Umfeldwahrnehmung durch einen 3D Laserscanner | Quelle: Pandey, McBride - Extrinsic calibration of a 3d laser scanner and an omnidirectional camera, http://dx.doi.org/10.3182/20100906-3-IT-2019.00059

Der leitende Forscher bei Google ist der deutsche, ehemalige Stanford Professor Sebastian Thrun, welcher einräumt, dass die Fehlerquote der Fahrzeuge derzeit noch zu hoch sei. Im Schnitt alle paar 1000km müsse der speziell geschulte Testfahrer, welcher immer an Board ist, eingreifen. Dies sei zwar besser als ein betrunkener Fahrer, allerdings noch wesentlich schlechter als ein aufgeweckter normaler Durchschnittsfahrer, so Thrun.

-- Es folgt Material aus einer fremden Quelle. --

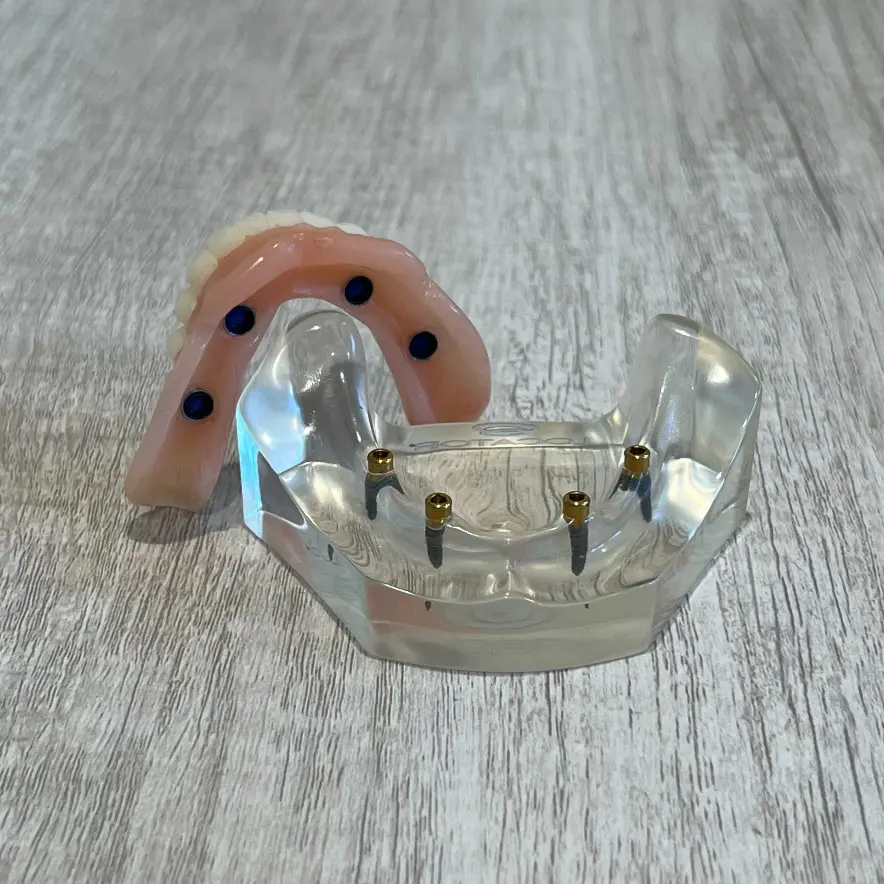 snap-in implant dentures Wiggins, MS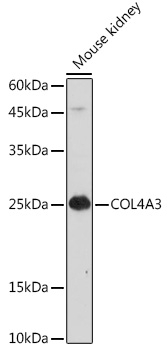COL4A3 Rabbit polyclonal antibody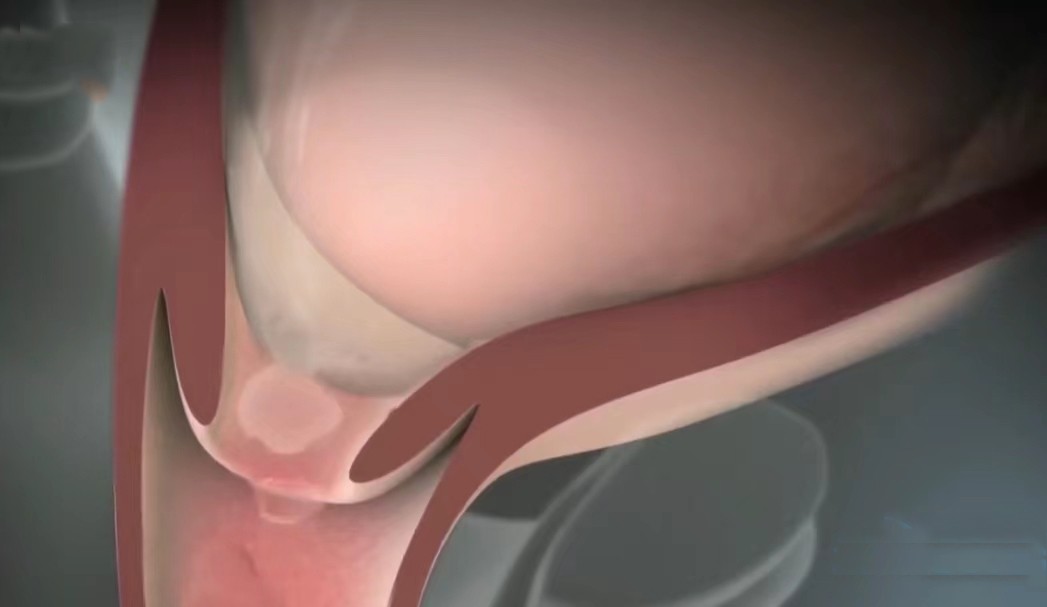 顺产3d动画流程讲解,顺产生孩子母爱伟大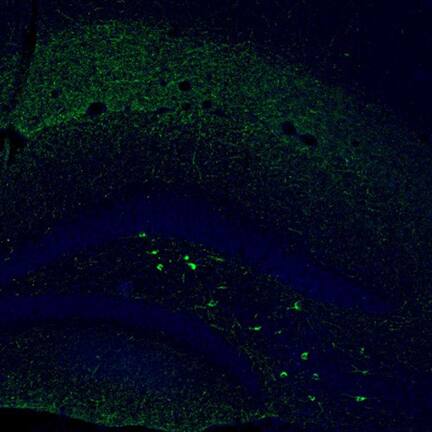 Somatostatin Antibody - BSA Free Immunohistochemistry-Paraffin: Somatostatin Antibody [NBP1-87022]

Und genau das ist der Grund, weshalb es jetzt an den Flottentest geht. Die Algorithmen können nur besser werden, wenn daran geforscht, gearbeitet und Fehler gemacht werden. Es gilt Millionen von Testkilometern zu absolvieren, damit die Fehlerquote auf niedrige ppm sinkt und eine signifikante Verbesserung gegenüber dem humanen Fahrer erreicht werden kann.